TASK BRIEF: Please write out exactly the lines from the one with "Mehterçeşme Mahallesi Metrobüse" through the end of the data below, both ends included, and omit any pictures.
------ INFORMATION PROVIDED
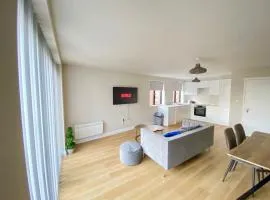 Balcony Sky- View London Apartment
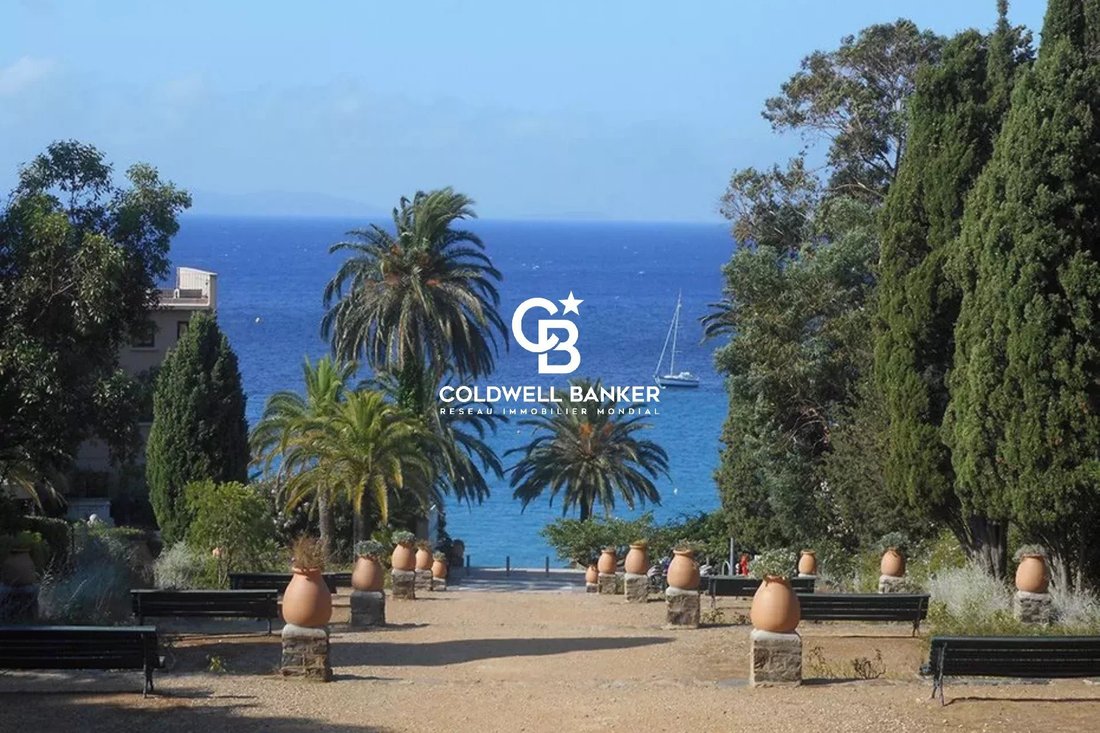 Land in Rayol-Canadel-sur-Mer, Provence-Alpes-Côte d'Azur, France 2 - 17287505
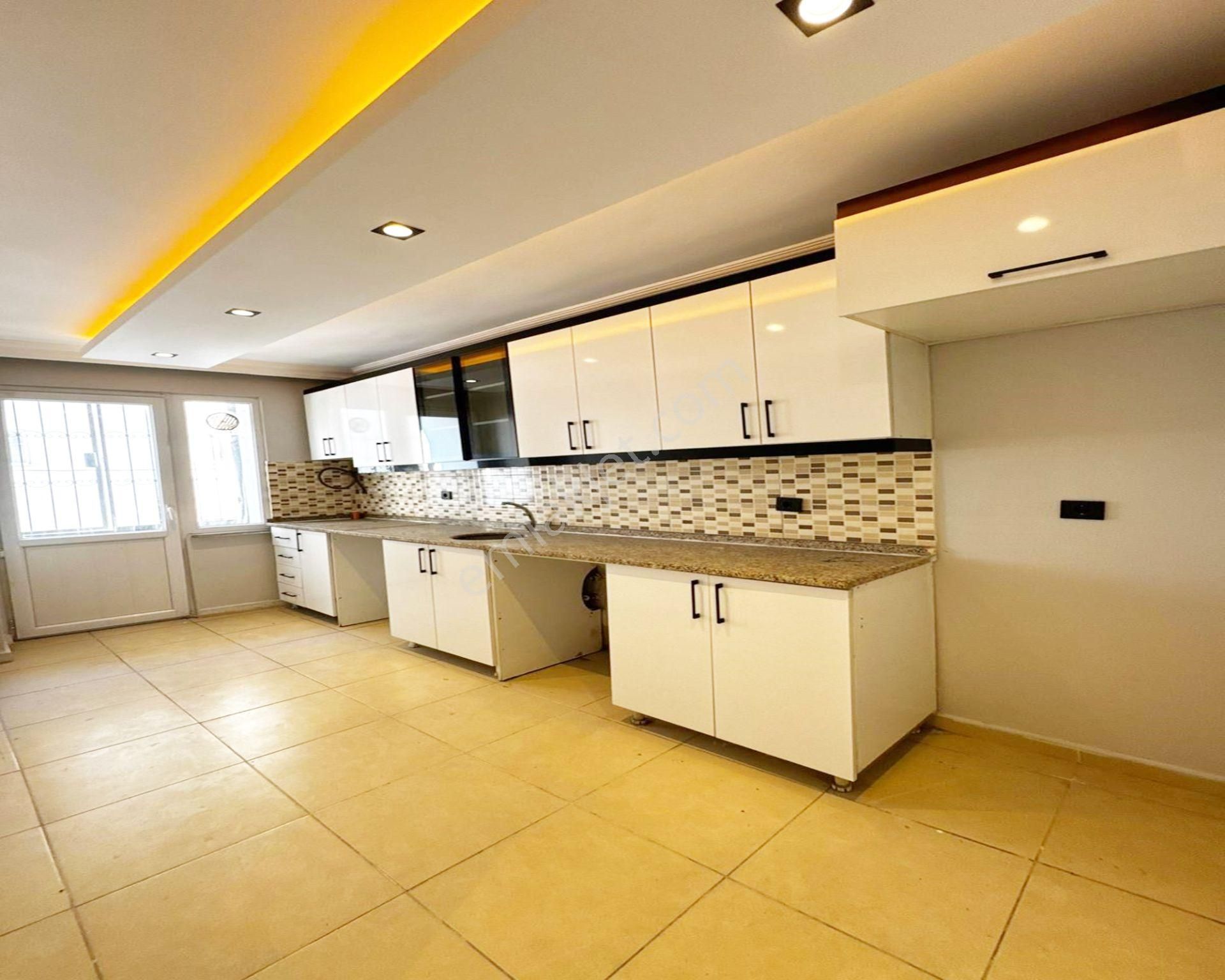 Mehterçeşme Mahallesi Metrobüse Yakın 2+1 Tertemiz Satılık Daire - Görsel 13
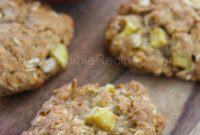 Warm Apple Cinnamon Oatmeal Cookies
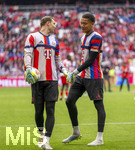 19.04.2026, Fussball Bundesliga 2025/2026, 30.Spieltag, FC Bayern München - VfB Stuttgart, in der Allianz-Arena München, v.li: Torwart Manuel Neuer (FC Bayern München) und Torwart Leonard Prescott (FC Bayern München) beim Aufwärmen. 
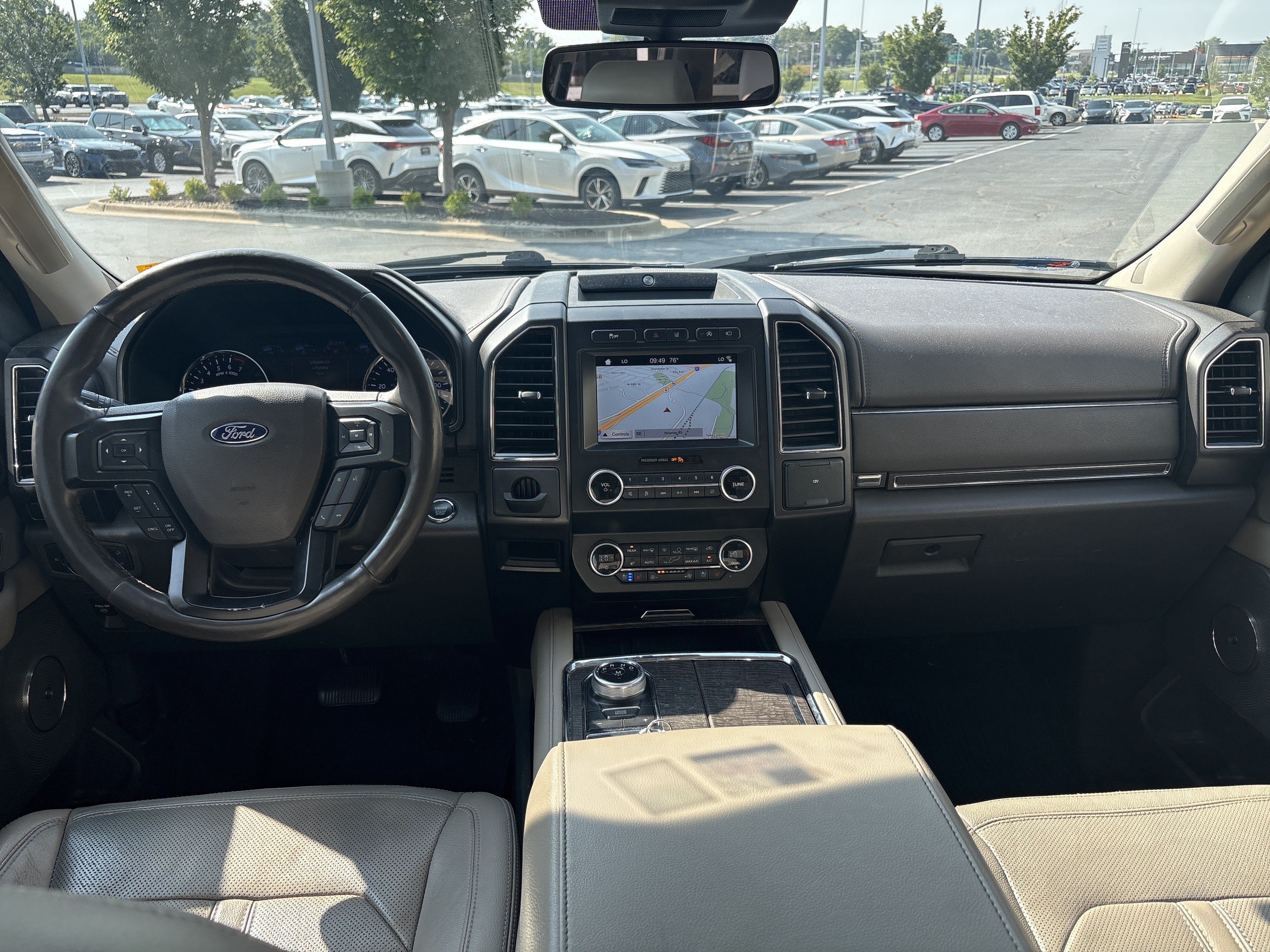 Used 2019 Ford Expedition Limited w/ Equipment Group 302A RWD image 29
------------
RESPONSE TO THIS EXERCISE:
 Mehterçeşme Mahallesi Metrobüse Yakın 2+1 Tertemiz Satılık Daire - Görsel 13
 Warm Apple Cinnamon Oatmeal Cookies
 19.04.2026, Fussball Bundesliga 2025/2026, 30.Spieltag, FC Bayern München - VfB Stuttgart, in der Allianz-Arena München, v.li: Torwart Manuel Neuer (FC Bayern München) und Torwart Leonard Prescott (FC Bayern München) beim Aufwärmen. 
 Used 2019 Ford Expedition Limited w/ Equipment Group 302A RWD image 29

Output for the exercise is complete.